کد خبر: ۲۹۴۱
تاریخ انتشار: ۰۱ فروردين ۱۳۹۵ - ۰۰:۳۴

Follow Your Nose to Enhanced Customer Experiences

What? Marketers can appeal to the sense of smell to enhance customer experiences.

So What? The enhanced smell experience can make customers stay longer in the servicescape, boost the perception of the brand, and increase brand recall.

Now what? Marketers can use certain scents to positively influence customers’ decision-making process and purchasing behaviour for premium products.


MBA Perspectives: 'Big Design'is anexclusive AMAseries examining customer experience design.

Singapore Airlines is one of the most profitable airlines worldwide and is seen by many as a leader in setting trends. Although Singapore Airlines uses similar branding strategies compared to other airlines, it went one step further and introduced its personal company scent. The unique aroma, which was exclusively created for the Singapore Airline experience, is called Stefan Flofidian Waters, a mélange of rose, lavender and citrus. The airline puts its patented aroma on hot towels, wafts it through the entire fleet, and even has the flight attendants wear its perfume.

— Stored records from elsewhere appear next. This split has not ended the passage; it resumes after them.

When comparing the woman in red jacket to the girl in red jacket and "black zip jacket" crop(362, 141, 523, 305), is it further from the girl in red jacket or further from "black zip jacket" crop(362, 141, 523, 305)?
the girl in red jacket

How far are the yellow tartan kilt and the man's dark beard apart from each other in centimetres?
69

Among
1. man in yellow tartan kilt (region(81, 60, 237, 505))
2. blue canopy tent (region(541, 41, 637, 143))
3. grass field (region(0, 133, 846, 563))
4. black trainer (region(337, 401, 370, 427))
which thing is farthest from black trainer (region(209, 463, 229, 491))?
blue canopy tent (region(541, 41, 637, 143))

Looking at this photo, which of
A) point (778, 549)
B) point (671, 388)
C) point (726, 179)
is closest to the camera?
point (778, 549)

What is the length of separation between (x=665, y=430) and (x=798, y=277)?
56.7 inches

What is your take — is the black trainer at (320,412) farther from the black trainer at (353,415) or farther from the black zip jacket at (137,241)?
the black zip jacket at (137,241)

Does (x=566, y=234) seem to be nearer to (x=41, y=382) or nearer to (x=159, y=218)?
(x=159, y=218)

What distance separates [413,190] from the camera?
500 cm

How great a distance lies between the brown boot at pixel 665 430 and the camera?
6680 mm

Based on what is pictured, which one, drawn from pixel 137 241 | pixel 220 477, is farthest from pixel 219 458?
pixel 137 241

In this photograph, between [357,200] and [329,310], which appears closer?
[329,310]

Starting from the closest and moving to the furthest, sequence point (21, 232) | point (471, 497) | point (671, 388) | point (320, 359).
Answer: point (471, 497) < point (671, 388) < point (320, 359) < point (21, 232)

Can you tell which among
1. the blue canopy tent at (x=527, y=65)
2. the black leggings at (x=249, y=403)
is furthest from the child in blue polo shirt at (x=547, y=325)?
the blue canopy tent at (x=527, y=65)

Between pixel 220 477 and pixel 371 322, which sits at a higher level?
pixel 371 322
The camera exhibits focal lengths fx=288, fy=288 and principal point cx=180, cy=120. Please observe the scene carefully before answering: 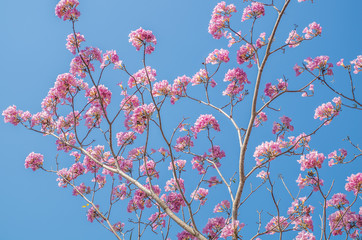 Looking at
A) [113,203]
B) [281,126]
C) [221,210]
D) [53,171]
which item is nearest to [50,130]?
[53,171]

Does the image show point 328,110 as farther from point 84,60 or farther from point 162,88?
point 84,60

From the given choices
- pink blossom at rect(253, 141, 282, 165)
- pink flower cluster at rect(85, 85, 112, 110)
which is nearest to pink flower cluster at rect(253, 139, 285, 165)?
pink blossom at rect(253, 141, 282, 165)

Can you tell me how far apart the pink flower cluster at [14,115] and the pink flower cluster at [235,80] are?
3.68 metres

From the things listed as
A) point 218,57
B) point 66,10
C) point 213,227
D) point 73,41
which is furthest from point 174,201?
point 66,10

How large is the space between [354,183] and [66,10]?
207 inches

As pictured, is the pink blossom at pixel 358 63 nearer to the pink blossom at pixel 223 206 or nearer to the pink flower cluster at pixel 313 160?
the pink flower cluster at pixel 313 160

Think you know everything about scent? Think again

The human senses play a crucial role in attracting customers on a deeper level and thus impact their thoughts and behaviors. Of the five senses, the sense of smell is by far the most powerful.

As the sense of smell acts directly to the limbic system, it deals with instinctive or automatic behaviors and immediately evokes memories and feelings without being filtered and analyzed by the brain. Accordingly, the sense of smell has strong effects on memory, emotions, and moods, as well as on the buying behavior in retail stores. Furthermore, by targeting smell, customers can feel more connected to the company, and thus, evoke feelings of attachment to the brand.

Scent Marketing in Retail

Using scents to not only enhance customer experiences but also to inspire certain behaviors is a growing trend in marketing. According to the latest research in the Journal of Marketing, "The Cool Scent of Power: Effects of Ambient Scent on Consumer Preferences and Choice Behavior” by Adriana V. Madzharov, Lauren G. Block, and Maureen Morrin (2015), by using warm scents in store, more attention could be attracted towards high-end products.

Essentially, according to Madzharov and colleagues (2015), there are two types of scents: some scents, such as vanilla and cinnamon, are perceived to be warm; on the other side, peppermint and eucalyptus are normally recognized as cool scents. The warm scents can largely alter customer’s perception of higher social density in-store, which leads people to deem the environment around them as more "socially dense” or more crowded. The power compensatory preference strikes in at this time. Because of the decrease in perceived control over their social environment, purchasing premium products is preferable for customers to give status and power back.